Mais il n’est pas suffisant de représenter une image du chaos ; encore faut-il le faire réellement surgir. L’escalade haletante de l’hubris est magnifiée par le développement du décor. Celui-ci devient, notamment à l’acte III, un personnage à part entière. Pour tisser ce faisceau de sens, Warlikowski s’amuse à convier des univers épars, proposant ainsi des variations de ce que représente la matérialité du théâtre lui-même. Des scènes de cirque ou des clins d’œil à Feydeau côtoient, entre autres choses, un univers numérique aux allures fantastiques animé par Kamil Polak. Utilisées avec beaucoup de parcimonie, les vidéos agencées par Denis Guéguin évoquent avec sobriété mais efficacité la dure réalité de la société russe, les affres de sa politique et les tourments métaphysiques de son peuple.

Bien entendu, il fut impossible de faire les louanges de pareille réussite sans le talent des musiciens. L’orchestre de l’Opéra national, sous la baguette d’Ingo Metzmacher, d’ores et déjà entré en collaboration avec le metteur en scène pour « Le Château de Barbe-Bleue » et « La Voix humaine », offre une performance très juste, particulièrement saisissante sur le plan des jeux de dynamiques et de timbres.
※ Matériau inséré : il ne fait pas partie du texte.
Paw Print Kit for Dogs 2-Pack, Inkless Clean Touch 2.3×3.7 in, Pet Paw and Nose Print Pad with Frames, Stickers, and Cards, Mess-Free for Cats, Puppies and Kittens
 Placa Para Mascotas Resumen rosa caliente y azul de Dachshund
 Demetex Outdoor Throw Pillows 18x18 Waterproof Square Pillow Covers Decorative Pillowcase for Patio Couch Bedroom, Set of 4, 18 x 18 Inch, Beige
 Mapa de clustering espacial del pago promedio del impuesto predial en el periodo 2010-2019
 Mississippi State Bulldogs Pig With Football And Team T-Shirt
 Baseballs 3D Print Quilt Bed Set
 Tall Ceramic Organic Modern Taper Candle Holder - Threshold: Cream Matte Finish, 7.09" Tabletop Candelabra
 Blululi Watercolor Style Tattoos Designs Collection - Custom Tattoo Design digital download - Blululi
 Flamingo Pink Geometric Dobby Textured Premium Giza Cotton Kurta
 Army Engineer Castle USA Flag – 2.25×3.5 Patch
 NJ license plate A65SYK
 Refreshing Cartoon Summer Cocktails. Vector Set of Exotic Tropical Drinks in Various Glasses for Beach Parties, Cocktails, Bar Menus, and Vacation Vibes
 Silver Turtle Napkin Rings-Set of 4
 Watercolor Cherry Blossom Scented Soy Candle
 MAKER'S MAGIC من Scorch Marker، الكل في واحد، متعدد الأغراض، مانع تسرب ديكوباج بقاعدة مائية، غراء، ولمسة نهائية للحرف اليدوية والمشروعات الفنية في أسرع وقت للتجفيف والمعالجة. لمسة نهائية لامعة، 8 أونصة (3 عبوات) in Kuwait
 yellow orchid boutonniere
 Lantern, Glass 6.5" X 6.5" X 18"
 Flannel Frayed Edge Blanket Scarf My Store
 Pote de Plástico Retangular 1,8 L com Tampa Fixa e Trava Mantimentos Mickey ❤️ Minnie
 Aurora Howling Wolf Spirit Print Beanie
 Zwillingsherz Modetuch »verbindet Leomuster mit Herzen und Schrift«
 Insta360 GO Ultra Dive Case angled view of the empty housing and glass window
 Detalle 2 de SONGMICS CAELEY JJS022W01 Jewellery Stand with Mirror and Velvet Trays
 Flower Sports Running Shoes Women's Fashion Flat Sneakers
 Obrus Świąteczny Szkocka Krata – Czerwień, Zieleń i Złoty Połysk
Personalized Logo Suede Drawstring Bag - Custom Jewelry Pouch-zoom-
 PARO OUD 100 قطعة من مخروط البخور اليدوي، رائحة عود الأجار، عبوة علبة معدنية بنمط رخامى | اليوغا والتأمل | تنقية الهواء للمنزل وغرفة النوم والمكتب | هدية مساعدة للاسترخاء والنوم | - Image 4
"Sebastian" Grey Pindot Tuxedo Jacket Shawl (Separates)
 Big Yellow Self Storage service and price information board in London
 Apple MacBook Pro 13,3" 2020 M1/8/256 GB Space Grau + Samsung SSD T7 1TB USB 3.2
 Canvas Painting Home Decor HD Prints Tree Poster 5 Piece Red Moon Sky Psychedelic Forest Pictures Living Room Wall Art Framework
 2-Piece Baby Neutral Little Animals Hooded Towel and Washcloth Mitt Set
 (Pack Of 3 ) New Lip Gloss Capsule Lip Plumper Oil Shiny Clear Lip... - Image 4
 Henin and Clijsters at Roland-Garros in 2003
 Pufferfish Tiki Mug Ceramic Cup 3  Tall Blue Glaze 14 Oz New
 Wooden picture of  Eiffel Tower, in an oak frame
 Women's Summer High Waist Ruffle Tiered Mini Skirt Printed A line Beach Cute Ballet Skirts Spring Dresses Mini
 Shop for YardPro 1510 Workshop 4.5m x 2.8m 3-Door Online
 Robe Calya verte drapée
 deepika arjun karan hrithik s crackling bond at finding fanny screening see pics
Sur scène, l’ensemble des rôles solistes et du chœur se laisse entraîner par la performance extraordinaire du duo de tête : Pavel Cernoch et Ausriné Stundyté nous foudroient grâce à des voix impeccables et à un jeu inouï qui – il faut au moins l’espérer – pourra en inspirer d’autres. Aussi bouleversante dans ses scènes de furie que pénétrante lors de longues traversées vocales pathétiques, jouant avec justesse sur le fil de l’émotion, Ausriné Stundyté nous aura prouvé que, à l’est, les écoles de chant ont bien évidemment encore et toujours à nous apprendre.